Taking the full text of my sample of my Canadian (.ca only) websites (currently being finessed to amount 622,365 URLs out of a scrape total of 8,512,275 or 7.31%), I ran it through Stanford NER and extracted popular locations, organizations, and people. This is a morning’s work, mainly as I let my desktop crunch away at some other stuff, so I really need to preface the post that the data has not been cleaned up.
The results were interesting but fairly dry: “Canada” was the top location, for example, followed by Ontario, Toronto, Ottawa, Alberta, etc. The United States comes out as under-represented mainly because we have so many spellings of the word (US, u s, America, United States, etc.).
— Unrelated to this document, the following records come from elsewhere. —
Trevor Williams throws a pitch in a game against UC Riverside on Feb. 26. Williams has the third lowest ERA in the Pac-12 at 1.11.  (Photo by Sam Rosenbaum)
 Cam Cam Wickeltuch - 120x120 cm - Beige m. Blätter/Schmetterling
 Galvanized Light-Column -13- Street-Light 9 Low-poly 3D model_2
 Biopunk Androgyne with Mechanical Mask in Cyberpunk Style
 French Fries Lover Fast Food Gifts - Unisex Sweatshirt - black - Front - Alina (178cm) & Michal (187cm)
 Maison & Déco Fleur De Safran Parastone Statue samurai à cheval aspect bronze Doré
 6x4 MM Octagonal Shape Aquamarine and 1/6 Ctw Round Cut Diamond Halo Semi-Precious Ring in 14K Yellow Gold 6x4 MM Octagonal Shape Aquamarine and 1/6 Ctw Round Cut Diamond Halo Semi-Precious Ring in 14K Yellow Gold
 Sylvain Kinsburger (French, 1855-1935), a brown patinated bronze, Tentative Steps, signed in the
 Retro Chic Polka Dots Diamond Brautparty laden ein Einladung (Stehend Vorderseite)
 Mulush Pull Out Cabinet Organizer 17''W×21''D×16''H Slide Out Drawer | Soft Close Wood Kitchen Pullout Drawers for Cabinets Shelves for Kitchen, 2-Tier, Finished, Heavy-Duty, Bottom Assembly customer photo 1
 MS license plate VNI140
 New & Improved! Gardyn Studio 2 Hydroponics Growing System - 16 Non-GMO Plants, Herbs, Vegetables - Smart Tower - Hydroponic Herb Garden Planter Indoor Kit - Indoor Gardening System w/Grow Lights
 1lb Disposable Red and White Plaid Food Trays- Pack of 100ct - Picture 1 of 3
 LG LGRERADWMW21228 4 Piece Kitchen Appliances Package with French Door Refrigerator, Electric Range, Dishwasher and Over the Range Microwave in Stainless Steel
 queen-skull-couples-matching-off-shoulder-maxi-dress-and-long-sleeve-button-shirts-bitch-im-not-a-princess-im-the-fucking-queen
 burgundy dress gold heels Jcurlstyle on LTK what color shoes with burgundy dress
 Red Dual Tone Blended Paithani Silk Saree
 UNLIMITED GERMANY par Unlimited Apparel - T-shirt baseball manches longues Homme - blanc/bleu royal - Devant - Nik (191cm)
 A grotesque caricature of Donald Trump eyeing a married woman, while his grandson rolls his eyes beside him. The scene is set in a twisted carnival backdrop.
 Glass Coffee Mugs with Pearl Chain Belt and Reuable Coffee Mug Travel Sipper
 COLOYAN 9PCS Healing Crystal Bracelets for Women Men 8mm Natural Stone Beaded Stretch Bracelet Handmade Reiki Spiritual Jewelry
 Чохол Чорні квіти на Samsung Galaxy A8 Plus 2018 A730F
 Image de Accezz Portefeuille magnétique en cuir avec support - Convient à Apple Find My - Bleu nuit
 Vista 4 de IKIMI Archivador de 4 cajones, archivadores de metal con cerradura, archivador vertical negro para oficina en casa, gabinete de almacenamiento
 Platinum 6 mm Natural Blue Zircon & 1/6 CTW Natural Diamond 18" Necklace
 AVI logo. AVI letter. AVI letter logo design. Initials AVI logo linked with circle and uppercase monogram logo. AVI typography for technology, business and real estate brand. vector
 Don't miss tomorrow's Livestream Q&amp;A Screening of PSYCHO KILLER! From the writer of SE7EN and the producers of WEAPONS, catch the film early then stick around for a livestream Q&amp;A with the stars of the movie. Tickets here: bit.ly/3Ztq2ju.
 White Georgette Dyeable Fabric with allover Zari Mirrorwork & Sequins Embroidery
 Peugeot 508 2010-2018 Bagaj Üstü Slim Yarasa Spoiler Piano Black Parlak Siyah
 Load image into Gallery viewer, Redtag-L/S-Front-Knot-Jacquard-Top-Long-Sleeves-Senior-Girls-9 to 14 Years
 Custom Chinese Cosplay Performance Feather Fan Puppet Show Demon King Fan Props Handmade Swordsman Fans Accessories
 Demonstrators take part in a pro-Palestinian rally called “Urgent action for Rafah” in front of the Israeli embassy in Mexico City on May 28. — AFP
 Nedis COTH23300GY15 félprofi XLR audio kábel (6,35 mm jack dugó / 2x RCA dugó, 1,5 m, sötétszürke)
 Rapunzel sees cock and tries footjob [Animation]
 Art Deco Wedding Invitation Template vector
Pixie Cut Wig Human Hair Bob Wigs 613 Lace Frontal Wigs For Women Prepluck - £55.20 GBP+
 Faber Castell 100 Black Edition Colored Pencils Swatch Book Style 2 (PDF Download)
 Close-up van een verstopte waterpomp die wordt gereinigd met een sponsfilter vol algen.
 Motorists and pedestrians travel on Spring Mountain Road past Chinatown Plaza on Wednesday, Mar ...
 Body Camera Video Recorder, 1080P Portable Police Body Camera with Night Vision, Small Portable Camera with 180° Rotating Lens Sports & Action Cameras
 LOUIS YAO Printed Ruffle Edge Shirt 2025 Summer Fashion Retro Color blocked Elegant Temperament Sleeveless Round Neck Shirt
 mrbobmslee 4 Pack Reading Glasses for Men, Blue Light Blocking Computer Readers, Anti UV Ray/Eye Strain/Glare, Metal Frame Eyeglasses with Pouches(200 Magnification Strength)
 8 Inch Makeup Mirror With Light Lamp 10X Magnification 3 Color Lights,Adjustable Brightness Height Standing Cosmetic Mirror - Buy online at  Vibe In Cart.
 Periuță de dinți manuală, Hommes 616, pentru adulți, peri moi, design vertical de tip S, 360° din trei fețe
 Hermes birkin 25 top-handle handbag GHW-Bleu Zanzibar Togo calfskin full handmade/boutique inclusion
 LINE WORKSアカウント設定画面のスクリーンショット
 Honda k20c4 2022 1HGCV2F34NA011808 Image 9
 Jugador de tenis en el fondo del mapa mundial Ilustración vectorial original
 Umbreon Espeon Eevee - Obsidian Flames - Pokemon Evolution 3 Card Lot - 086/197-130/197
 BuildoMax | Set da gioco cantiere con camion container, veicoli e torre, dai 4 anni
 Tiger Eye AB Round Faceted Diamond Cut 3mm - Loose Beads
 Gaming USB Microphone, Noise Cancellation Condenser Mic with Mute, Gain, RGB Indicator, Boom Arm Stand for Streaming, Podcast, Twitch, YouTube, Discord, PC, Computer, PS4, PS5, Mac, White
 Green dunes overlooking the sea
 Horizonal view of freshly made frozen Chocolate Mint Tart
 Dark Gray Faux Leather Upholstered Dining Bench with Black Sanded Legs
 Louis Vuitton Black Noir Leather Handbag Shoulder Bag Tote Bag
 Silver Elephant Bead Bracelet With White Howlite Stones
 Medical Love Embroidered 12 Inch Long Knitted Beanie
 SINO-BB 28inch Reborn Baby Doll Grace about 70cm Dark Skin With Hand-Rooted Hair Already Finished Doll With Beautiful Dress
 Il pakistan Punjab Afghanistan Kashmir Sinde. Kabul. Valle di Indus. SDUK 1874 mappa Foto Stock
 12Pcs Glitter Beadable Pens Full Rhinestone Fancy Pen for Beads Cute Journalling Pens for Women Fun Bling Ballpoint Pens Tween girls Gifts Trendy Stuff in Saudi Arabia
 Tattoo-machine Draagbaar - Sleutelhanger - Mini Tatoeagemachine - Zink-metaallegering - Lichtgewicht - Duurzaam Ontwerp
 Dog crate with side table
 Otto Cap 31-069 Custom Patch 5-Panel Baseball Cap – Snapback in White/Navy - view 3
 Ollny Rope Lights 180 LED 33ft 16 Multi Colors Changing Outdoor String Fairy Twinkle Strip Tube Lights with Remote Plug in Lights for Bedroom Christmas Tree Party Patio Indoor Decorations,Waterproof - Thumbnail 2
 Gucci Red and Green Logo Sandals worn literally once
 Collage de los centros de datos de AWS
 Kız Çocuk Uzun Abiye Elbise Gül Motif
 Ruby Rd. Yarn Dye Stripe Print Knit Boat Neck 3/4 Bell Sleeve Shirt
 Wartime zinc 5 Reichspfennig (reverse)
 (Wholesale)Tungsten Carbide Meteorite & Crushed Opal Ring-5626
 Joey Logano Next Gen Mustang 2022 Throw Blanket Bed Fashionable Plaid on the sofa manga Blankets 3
There will be a similar issue with the United Kingdom. If this turns into ‘real’ research rather than tinkering, again, there’s a lot of cleaning up to do. But overall, we can get a rough sense of different countries and how they appeared in this sample.
Thanks to IBM Many Eyes we can throw this stuff at the wall and see what comes out.
In this graphic, we see different countries and how they are mentioned. With the caveats that this is rough data, we can see the big parties emerge. Canada drowns out all others, unsurprising given the sample. But the other big parties emerge: the United States, Russia, China, Brazil, Australia. Western Europe. But almost nothing in sub-saharan Africa, which tells you something about this coming together. The way that this map emerges I think shows that it’s working a bit.
Let’s take Canada alone:
Now this is useful. Ontario comes out, but what is surprising is the relative overrepresentation of Alberta.
Imagine if we had multiple scrapes, we could really learn something here. Anyways, a neat approach to archived big data.